Inheritance taxes remain one of the primary forms of non-property tax revenue for Nebraska’s counties, projected to generate more than $90 million annually in 2025.
Established in 1901 and redirected to counties by 1905, the tax has historically supported rural infrastructure, aid to indigent persons, elderly care, and general county needs. Since 1982, counties have had discretion to place these funds in general or designated accounts.
This legislative session, LB468, introduced by Senator Rob Clements, proposed lowering inheritance tax rates and increasing exemption thresholds, with an original projected fiscal impact of $34 million. A Select File amendment reduced the impact to $22 million through a combination of fee increases, revenue reallocations, and state appropriations. However, the bill stalled when a cloture motion fell short by two votes (31–11), ending debate for the year.

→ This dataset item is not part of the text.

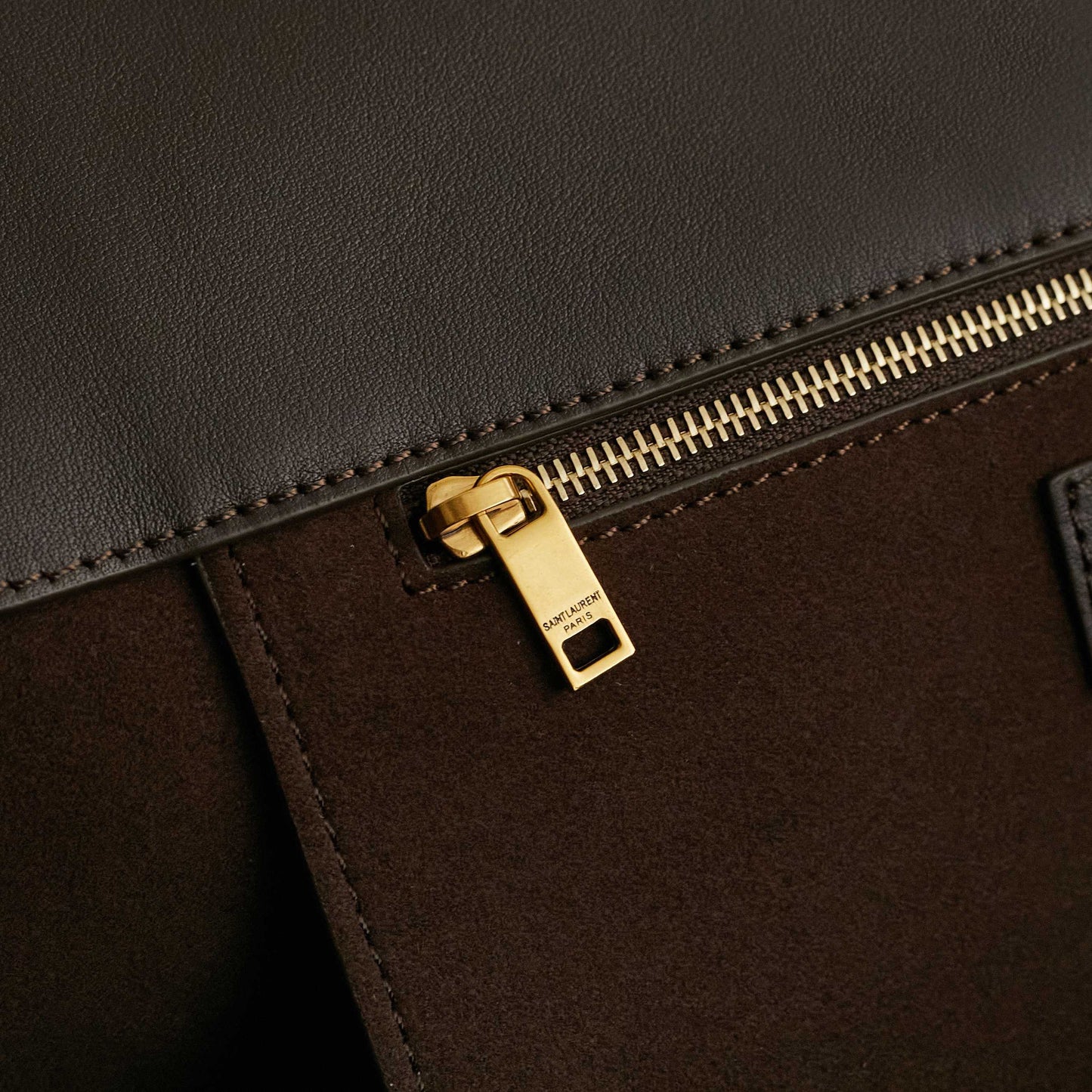 25FW new BEA horizontal TOTE suede bag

Despite its failure, LB468 prompted discussions by lawmakers about county reliance on inheritance tax revenues. Lawmakers acknowledged these funds are necessary for emergency needs, infrastructure investments, and providing mandated public services. Many cautioned against outright repealing the tax without a sustainable replacement, emphasizing the consequences for potential property tax increases or reduction in public services.

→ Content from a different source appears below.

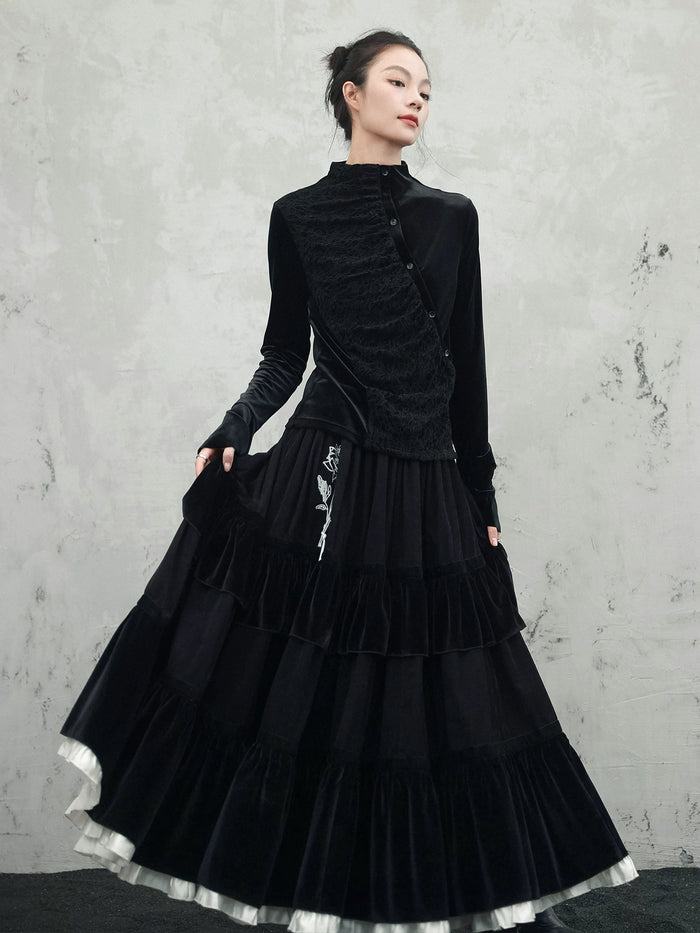 ブラックのティアード切り替え刺繍スカート 着用 正面 黒トップス合わせ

In addition, Senator Clements introduced LR254, an interim study to examine alternative revenue sources, such as motor vehicle taxes, registration fees, and other state-collected revenues.
However, opponents of LB468 expressed concerns about shifting from a progressive tax that affects relatively few to regressive tax that impacts all residents. Specific objections targeted proposed fee hikes on marriage licenses, vehicle inspections, and cuts to sales tax exemptions, as well as new taxes on renewable energy projects.
Another proposal, LR13CA, a constitutional amendment to ban inheritance taxes at both the state and county levels, remains on General File. While no immediate changes to inheritance tax policy are expected this year, discussions are far from over. With counties reliant on these funds for public services and infrastructure, any reform efforts will require a thoughtful approach to sustainable replacement revenue that balances adequate revenue sources for counties with lawmakers’ consideration of tax fairness.